Lab Assignment 3: Pipelined Datapath with Interlocks and Forwarding

CS 572 Computer Architecture

Laboratory Assignment 3: Pipelined Datapath with Interlocks and Forwarding

Due 1 December 2017 (Friday) by 11:59 pm

Requirements

Each student should independently accomplish this laboratory assignment. You are allowed to discuss with your friends to solve the coding problems.
You must submit your partially assembled code, the source code of your simulator (see Part 1 and Part 2), a README file, and the values of total clock cycles, total instructions executed, and number of NOPs (see Part 4).

Grading Criteria

Partially assembled code for the loop example lab3c.s: 20%
A simulator for the pipelined machine pipeSim: 50%
Adhering to coding style: 10%
README file: 10%
Values of total clock cycles, total instructions executed, and number of NOPs at the end of the run (see Part 4): 10%.

0. Introduction

This assignment is a serious step forward from your simulator for multi-cycle machines. Your will have to develop a simulator for a scalar pipelined architecture. It is believed that you are familiar with the five stage MIPS pipeline described in our previous lectures. However, you are allowed to study a different architecture by creating something of your own. Please keep the following requirements in mind:

your pipeline must be a load-store, GPR-based 3-operand machine;
your pipeline must be able to execute the subset of MIPS instructions specified below;
your simulator must implement interlocks between pipe stages to recognize and resolve data hazards:

through forwarding when feasible, including forwarding through the register file
through NOPs otherwise

In this lab assignment, you are NOT required to implement branch or load delay slots. You must perform each part as described, answer all related questions, submit your programs.

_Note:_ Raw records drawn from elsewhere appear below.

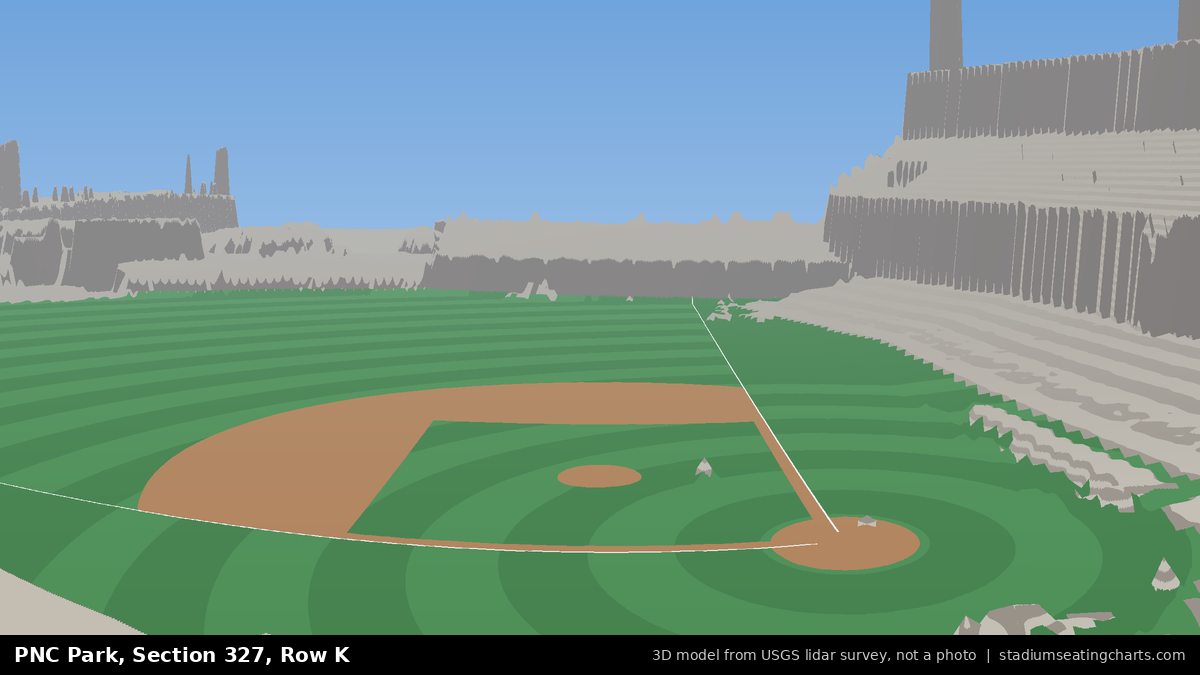 View from PNC Park Section 327, Row K, looking toward the pitcher's mound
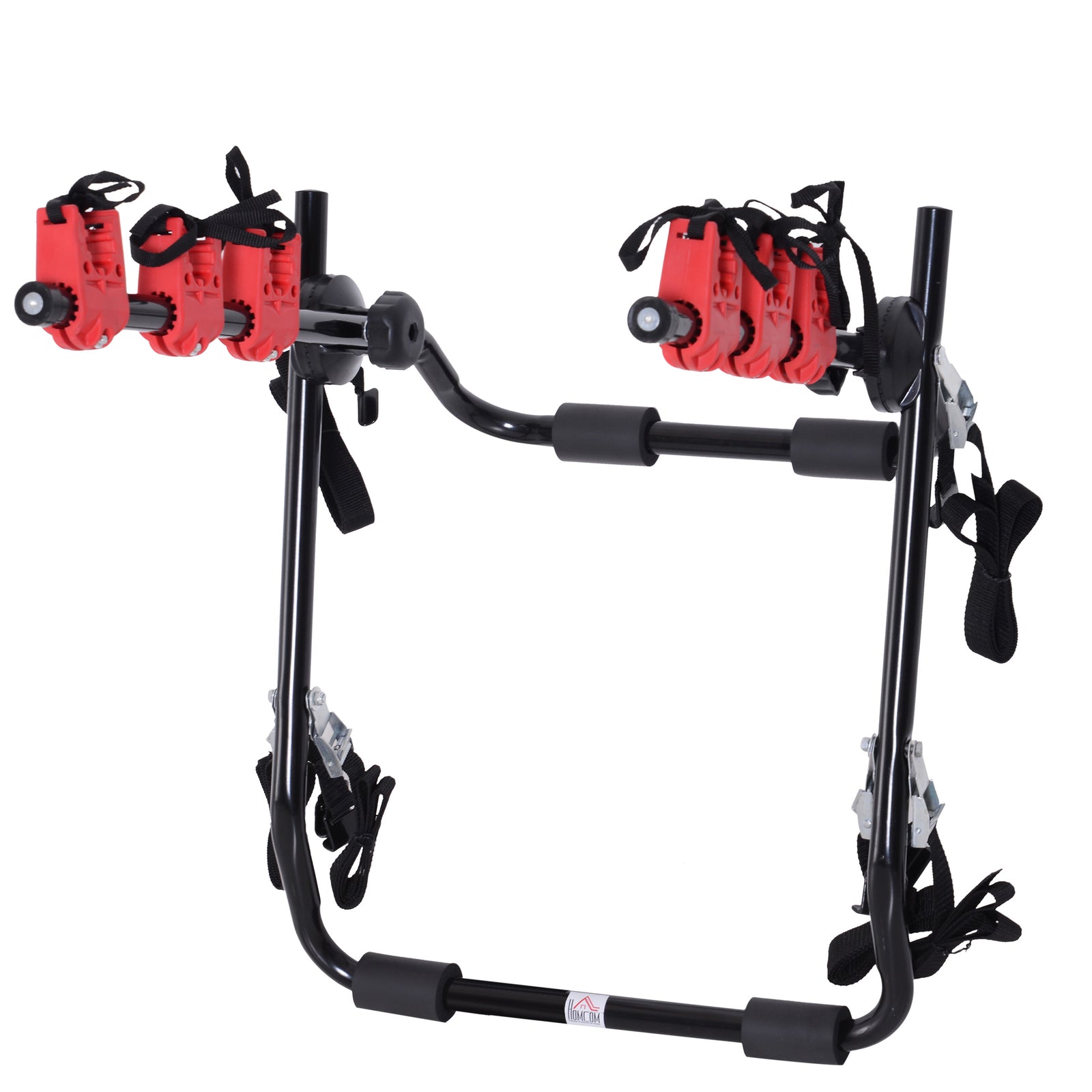 HOMCOM Foldable 3 Bike Rear Hitch Carrier Rack With Straps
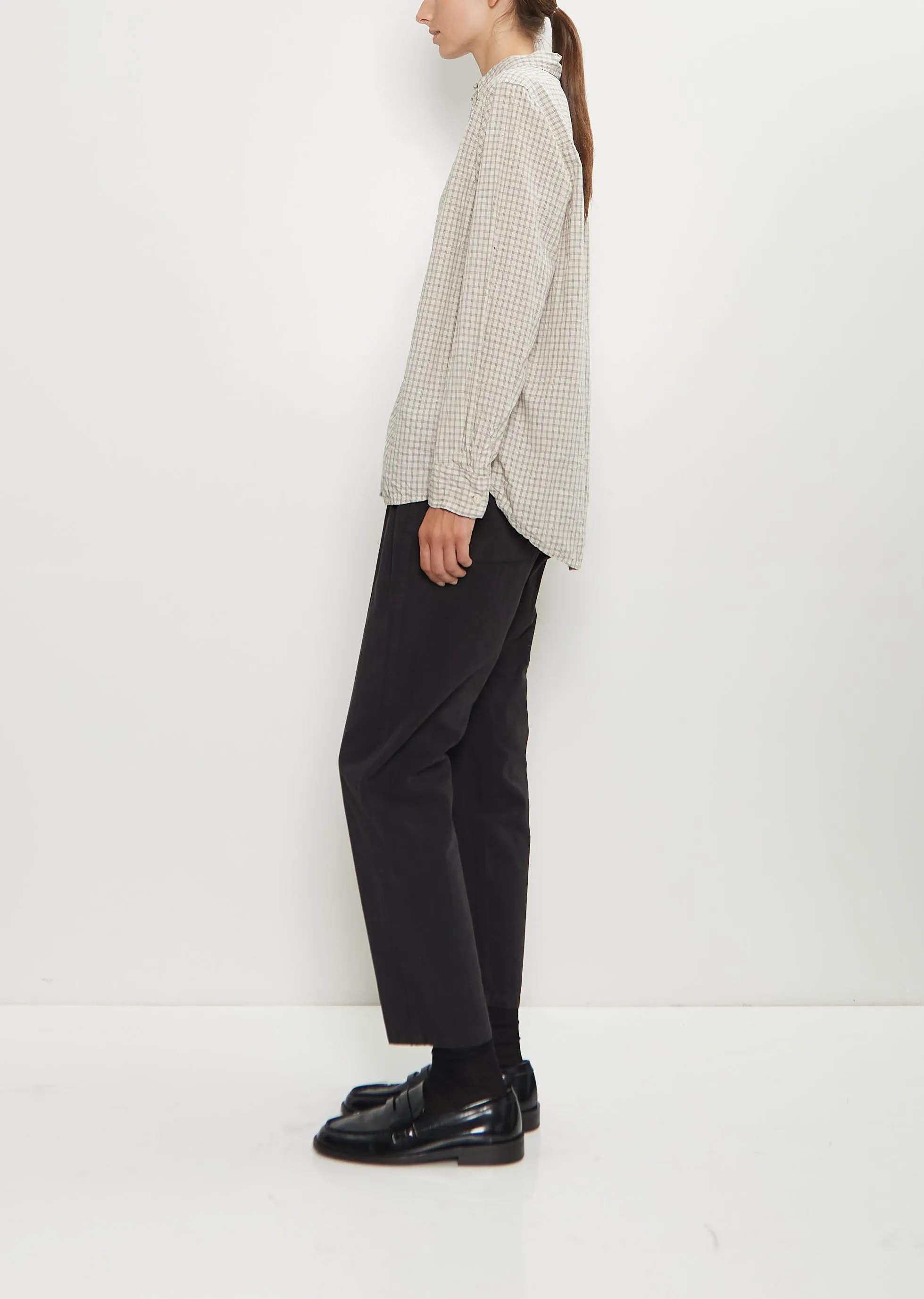 Washed Cotton Mini Checkered Shirt — Off White sold by La Garconne product image thumbnail 2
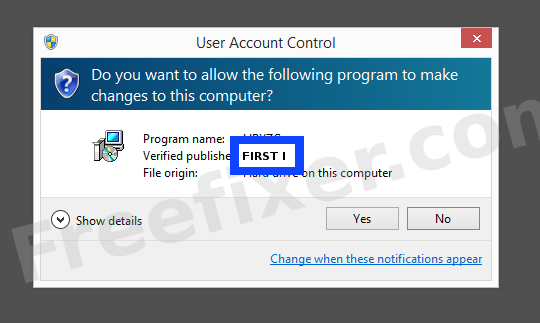 Screenshot where FIRST I appears as the verified publisher in the UAC dialog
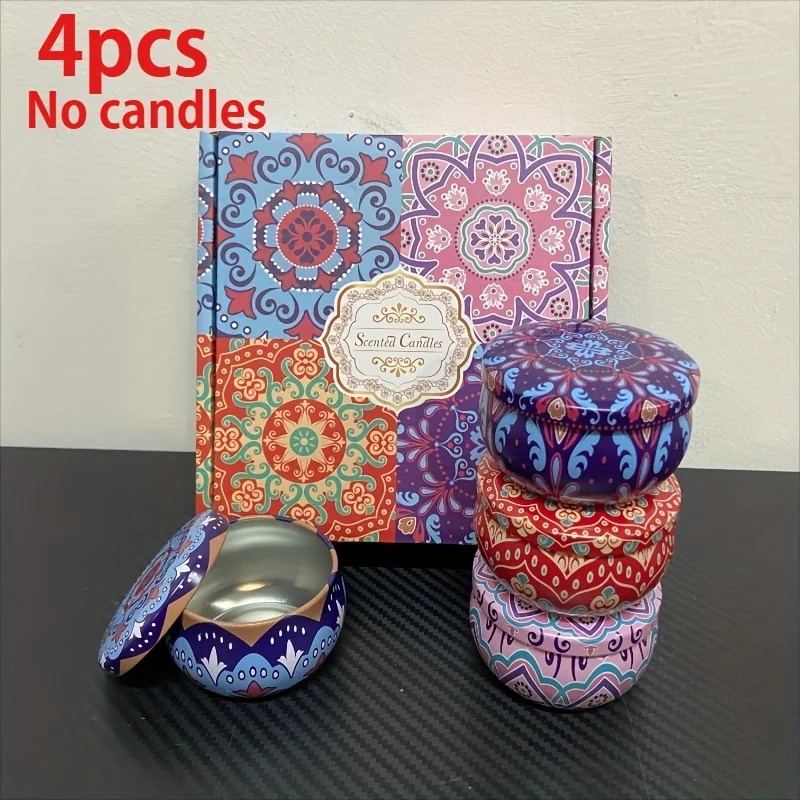 4Pcs/Set Candle Tins, DIY Round Containers With Lids For Candle Making, Floral Printed Candle Holder For Arts & Crafts, Storage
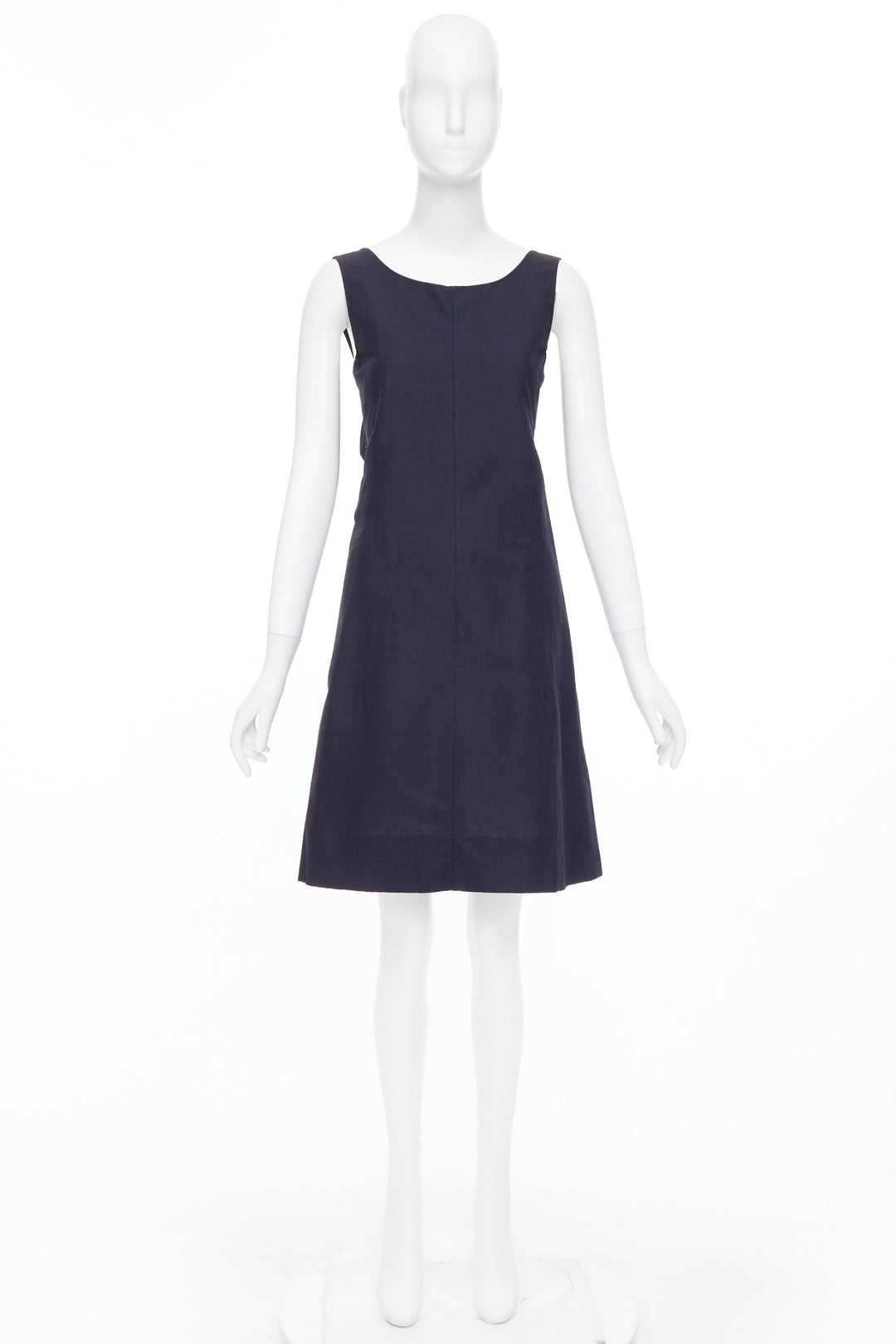 MARNI navy cotton linen blend dipped cowl neck back shift dress IT38 XS
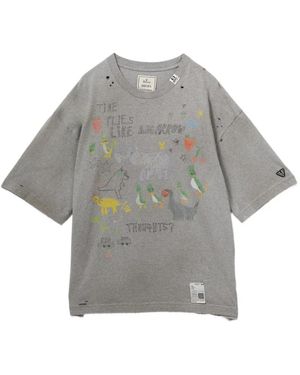 Maison Mihara Yasuhiro Distressed Graphic T-Shirt - Grey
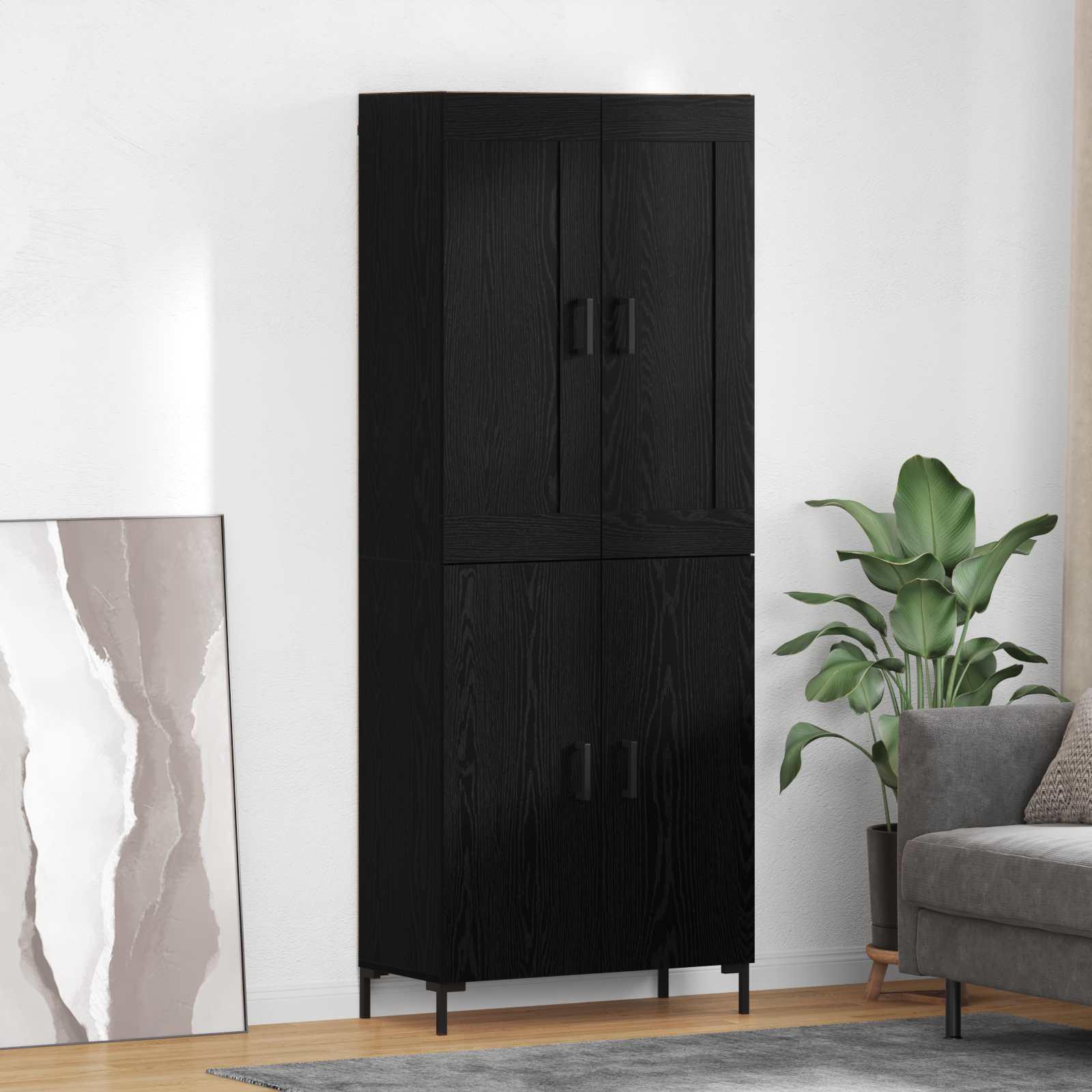 Highboard 2 stk Sort eg Konstrueret træ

Part 1. Building a Pipeline

We assume a simulator you will be building has a five-stage pipeline. The simulator is more complex than the previous ones you've developed because each instruction is only partially completed in each cycle, and because you have multiple things going on concurrently in the same clock cycle.

It should be note that you must simulate concurrent behavior somehow. There are two models you could use: perhaps the most obvious one is a "push" model, where you fetch the next instruction and use that to push the behavior of all the downstream pipeline stages. Alternatively, you may use a "pull" model, where you complete the instruction in the WB stage, emptying that stage and pulling the upstream activities down the pipe. This also has the advantage of getting register file writes done early in the cycle, which is the key to forwarding through the register file.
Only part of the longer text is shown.